Me: *sleeps through an earthquake*
Husband: *gently moves his foot in bed*
Me: Are you going to keep me up all night?
family members leaving you things in their will is literally them saying “yeah I’ll give you this… over my dead body”
On the second day of Christmas break my children gave to me 37 loads of laundry
*pulling up to toll both with megaphone in hand*
Booth operator: ma’am please not again
Me: someBODY once tolled me—
For sale: 1 brain, only dropped once, OW, dammit, ok twice
I’m the smart one, the funny one AND the good looking one.
*must be why I’m single
Me: I’ve gone my whole life without having any hearing problems.
Middle age: Hold my beer.
Me: What?
Octopuses are amazing in that they can squeeze into really tight spaces to hide.

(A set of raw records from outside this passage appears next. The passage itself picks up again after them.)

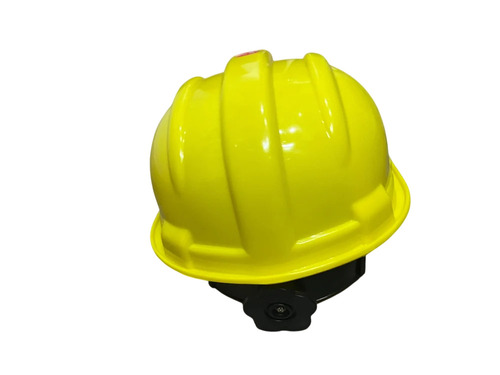 Yellow Safety Helmet 350g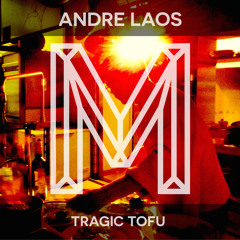 Andre Laos - Soy Beaner [Monologues Records]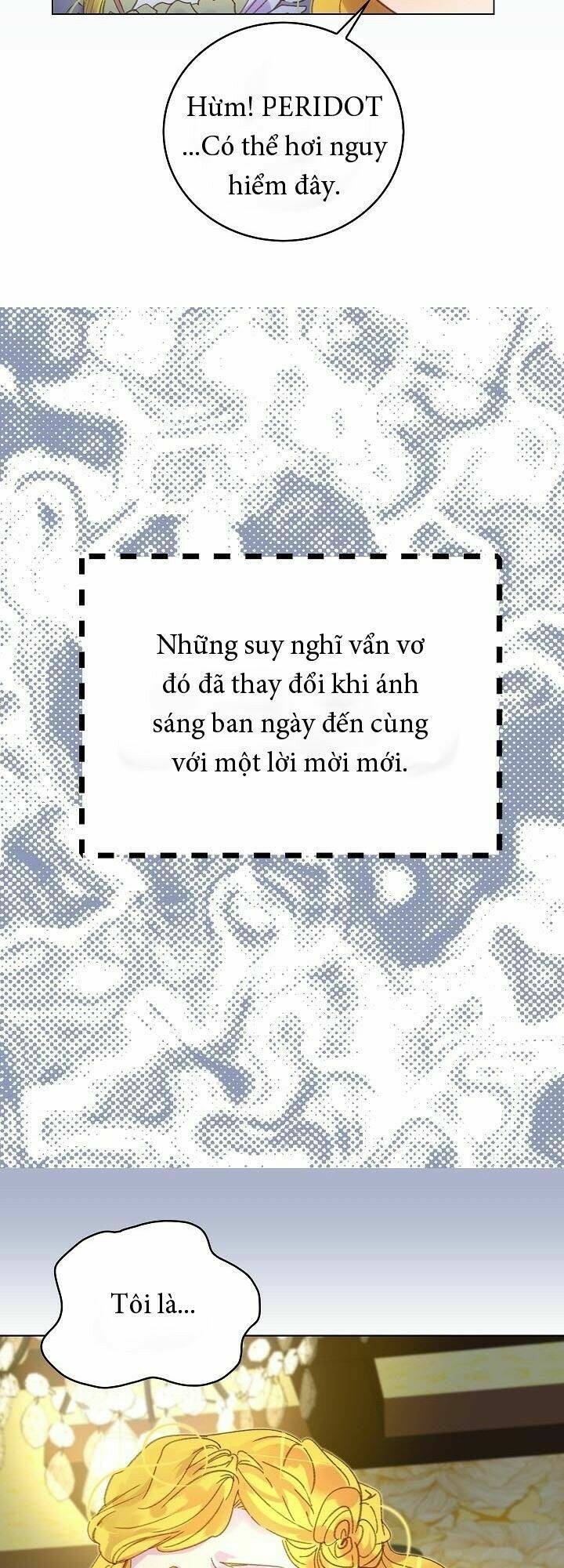 Tôi Không Phải Là Người Tốt Chapter 76 - Trang 2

But when I do it, NO ONE is amazed. All I hear is, “Play with us!” from my kids and “STOP hiding under the bed from our kids, YOU ARE NOT an octopus!” from my wife.
[Sigh]
Hell hath no fury like an old lady scolding you for going in the wrong direction down a one-way aisle at the grocery store.
What happens when you wear flowy sleeves? They get caught on every doorknob you walk past.
hate when the barista asks “do you want whipped cream?” it feels there are only two answers: “yes please, i’m fat.” or “no thanks, i’m fat.”
just learned that all of the “You’re the best!” texts my dad sends me are one of three quick reply options in his Toyota Rav4
“Name?”
Well, some people call me the space cowboy, some people call me the gangster of love, some people call me Maur…
“Sir, have you ever been tazzed at the DMV before.”
“This movie is intended for 18+ viewers.” Bro, I don’t have 17 friends to watch this with.
I threw out a jar of expired protein powder and some jacked up raccoons beat the shit out of me a week later.
my idiot dog just ate a box of condom. i was gonna eat those buddy
ME: (petting a dog) He loves this.
DOG: (being pet) He loves this.
A marinara trench sounds nice tbh
THERAPIST: what brings you in today?
ME: sharks lack the ability to hug.
THERAPIST: *starts to cry*
My daughter said, “You’re the best mommy ever!”
I’m really proud that she’s learning sarcasm at such a young age.